Gem::PackageTask.new(GEMSPEC) do |pkg|
  pkg.need_tar = false
  pkg.need_zip = false
end

and using a checksum

like https://github.com/YorickPeterse/ruby-lint/commit/daa816f50cf5bb1272e5296c0db4d73bb525bd8a

Rakefile

require 'digest/sha2'

task/checksum.rake

desc 'Creates a SHA512 checksum of the current version'
task :checksum do
  checksums = File.expand_path('../../checksum', __FILE__)
  name      = "#{GEMSPEC.name}-#{GEMSPEC.version}.gem"
  path      = File.join(File.expand_path('../../pkg', __FILE__), name)

  checksum_name = File.basename(path) + '.sha512'
  checksum      = Digest::SHA512.new.hexdigest(File.read(path))

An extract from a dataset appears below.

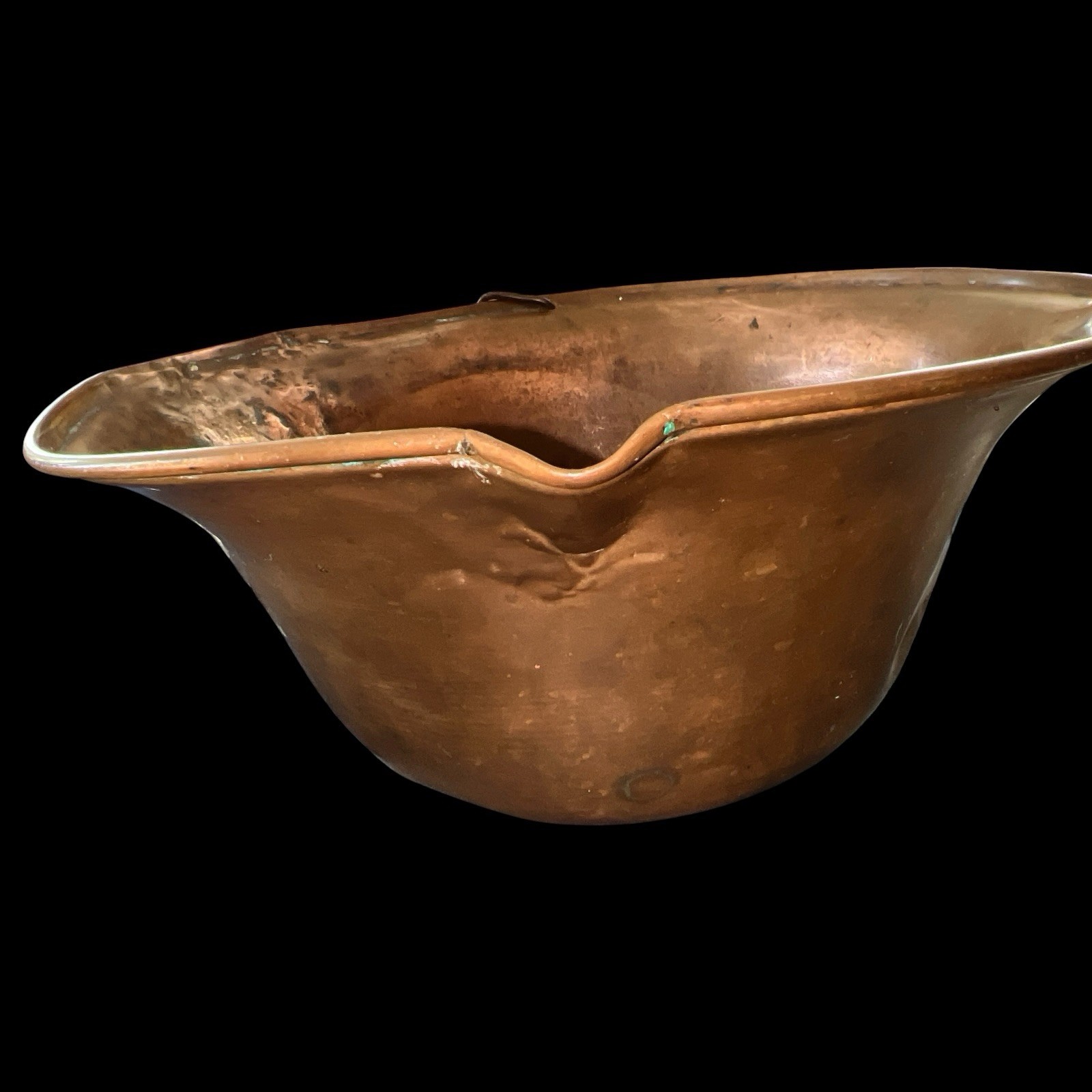 LARGE ANTIQUE Primitive French Hand Hammered COPPER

  File.open(File.join(checksums, checksum_name), 'w') do |handle|
    handle.write(checksum)
  end
end

and pgp / gpg

e.g. https://github.com/YorickPeterse/ruby-lint#security

To ensure that people can't tamper with the ruby-lint Gem once it's being distributed as a .gem file the Gem is signed using GNUPG (using the rubygems-openpgp Gem). If you have this Gem installed it's recommended that you install ruby-lint as following:

gem install ruby-lint --verify --trust

Unless you have my GPG public key and have marked it as trusted this process will fail. For signing Gems I use the public key 3649F444 registered to "Yorick Peterse" using Email address [email protected].

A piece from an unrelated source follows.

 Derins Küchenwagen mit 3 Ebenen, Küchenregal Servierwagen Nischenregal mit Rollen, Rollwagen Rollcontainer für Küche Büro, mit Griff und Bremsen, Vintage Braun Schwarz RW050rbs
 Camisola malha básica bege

You can add this key by running the following command:

gpg --recv-keys 3649F444

In case you don't use GPG but still want some form of verification you can use the checksums that are located in the "checksum" directory. These checksums are SHA512 checksums of entire Gem files and can be verified using the sha512sum command.

or a trusted certificate

e.g. https://github.com/sferik/twitter#installation

To ensure the code you're installing hasn't been tampered with, it's recommended that you verify the signature. To do this, you need to add my public key as a trusted certificate (you only need to do this once):

gem cert --add <(curl -Ls https://gist.github.com/sferik/4701180/raw/public_cert.pem)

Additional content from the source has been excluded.